You see, Ash Wednesday day wasn’t commemorated with a service in the church in which I grew up. It was something I wasn’t very connected to at all and had only a vague understanding about . I would see people at school or in the community that day with ashes on their forehead and find myself wanting to walk up them with a hanky to wipe the “schmootz” off their face with a bit of a dismissive attitude. But now, I can’t imagine heading into the sacred season before Easter without participating in our Ash Wednesday service.

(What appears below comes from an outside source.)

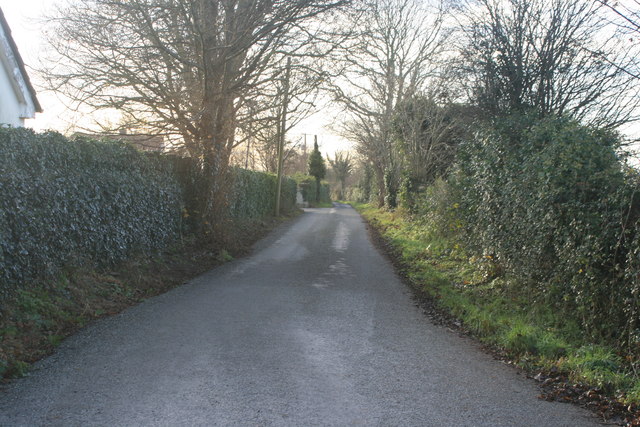 Looking south along a country road at Ballymadrough, near Lissenhall, Co. Dublin.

Ash Wednesday is a day of repentance and it marks the beginning of the 40 day period known as Lent. It is a day on which believers repent for their sins by fasting, praying and asking for God’s forgiveness. The imposition of ashes on the forehead at this service symbolizes our acknowledgment of our sin. Why ashes? Ashes were used in ancient times, according to the Bible, to express mourning. Dusting oneself with ashes was the penitent’s way of expressing sorrow for sins. Today we do that on our foreheads to acknowledge our common need to repent of our sins. It marks the beginning of a season of repentance, reflection, and fasting which prepares us for Christ’s Resurrection on Easter Sunday, through which we attain redemption.

This year, Ash Wednesday falls on March 9th (this coming Wednesday), and we will be commemorating that day with our service at 7 pm that evening. I do hope you’ll make plans to join us as together we remember and enter into the sacred Lenten Season.